There is no doubt that Afghanistan needs a non-military solution, one that is not about making deals with the tools of insurgency but addresses the roots and source of insurgency and unrest. Afghanistan needs a political reform that goes beyond integration and deals with the Taliban. The Afghan government needs to come up with a regional plan of action on how to deal with the threats posed by Iran and Pakistan immediately and promote diplomatic relations with other far neighbours up to China so that eventually Afghanistan gets out of the economic and political hijack of Pakistan and Iran. But why is not such a process being initiated by the Afghan government?
Given doubts that the current leadership in Afghanistan lacks conceptual and strategic objectives of such a political reform for the national interest of Afghanistan, it becomes evident that the international community particularly America should define and address the challenges and solutions in a more cohesive manner. They need to get out of the dichotomy of talk to Taliban or don't talk to Taliban and look at Afghanistan beyond Kandahar and Helmand.
It is very strange to hear the President's talks on the transition and transfer of security responsibilities are without any focus on their abilities and equipment they need. The debate on transition and transfer of security responsibility evolves around politicians of international community and politicians of Afghanistan but has not made its way into the technical areas or no opportunity provided to the ANA and ANP Generals fighting on the ground. It is equally questionable on how can the President so confidently accept the transfer when he, being the Chief of Army, knows that Afghanistan still does not have air forces or in the words of the Defence Generals, does not yet have any tanks.
The threat of Taliban to Afghanistan comes from their strength as a rented insurgent. But the real danger lies in the immediate neighbourhood.

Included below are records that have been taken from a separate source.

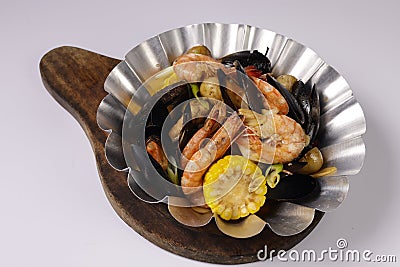 CHILI SAMBAL SHRIMPS BUCKET in a dish top view on grey background singapore food Stock Photo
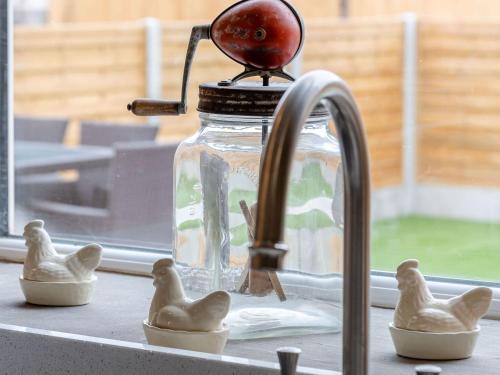a kitchen sink with a glass jar and rubber ducks at Dip Tub Den - Uk35989 in Wansford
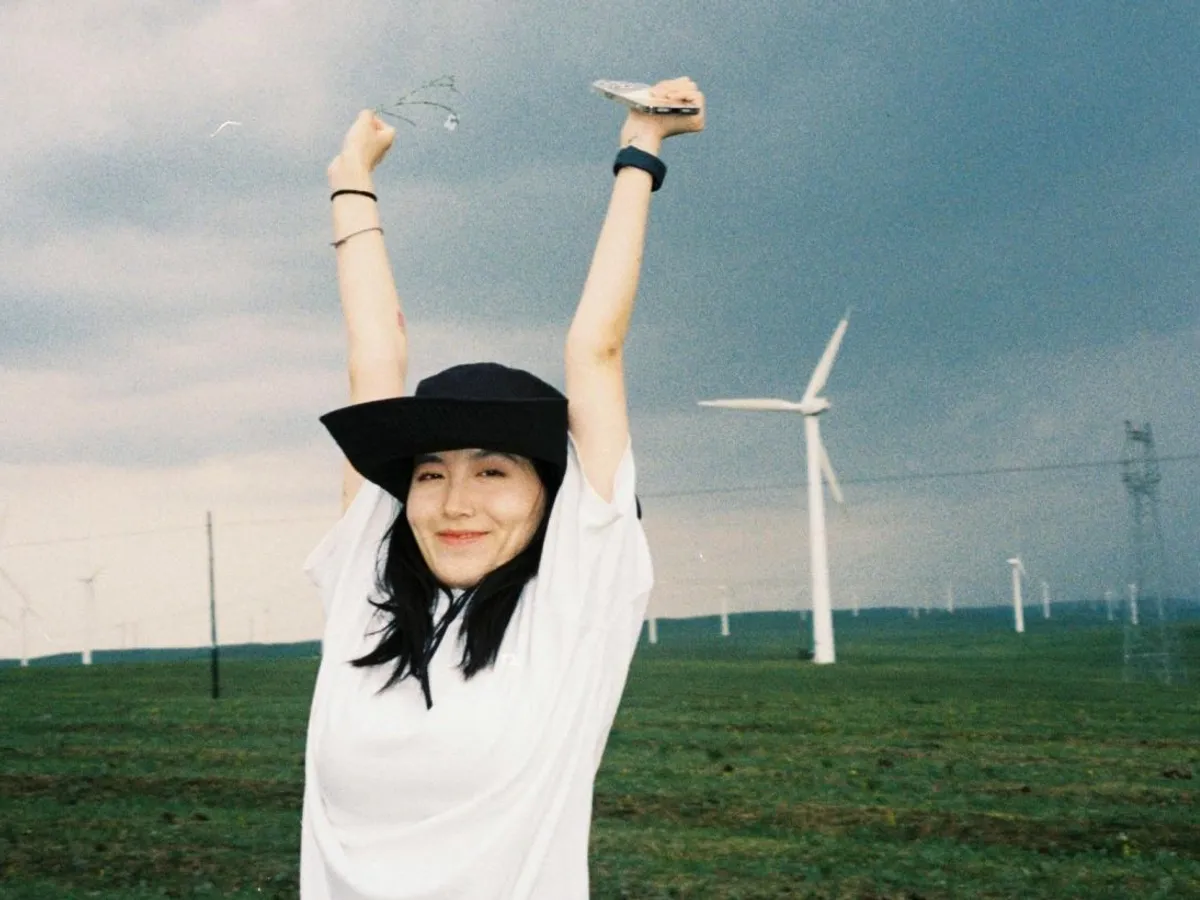 Femeie veselă cu fundal cu mori eoliene - Foto: Pexels/yating yang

Just last month, Isaf announced that they found weapons made in Iran around the areas of Taliban but the Afghan government made no attempt to investigate further or check with Iran. Similarly, the district of Goshta in Nangrahar has been attacked by the Pakistani army for the past 40 days as per the daily media reports, but there is not any official stance of the Afghan government side. This is happening when we still have around 150,000 international troops, how would these two neighbours behave when Afghanistan's national forces struggle for defence with their old and inadequate weapons?
While it is understandable that the Afghan government's failures and arrogance have restrained the relations with America, but it is the people of Afghanistan, who do not matter to their own government anymore, bear the brunt of American decisions and policies towards their government. America needs to broaden its scope of consultations beyond the President and his alikes to the larger population groups to hear the real needs and challenges. Otherwise, if the transfer and transition decisions come from an alien government, it can only result in another Operation Enduring Freedom after 2014 and again for the national security interests of America.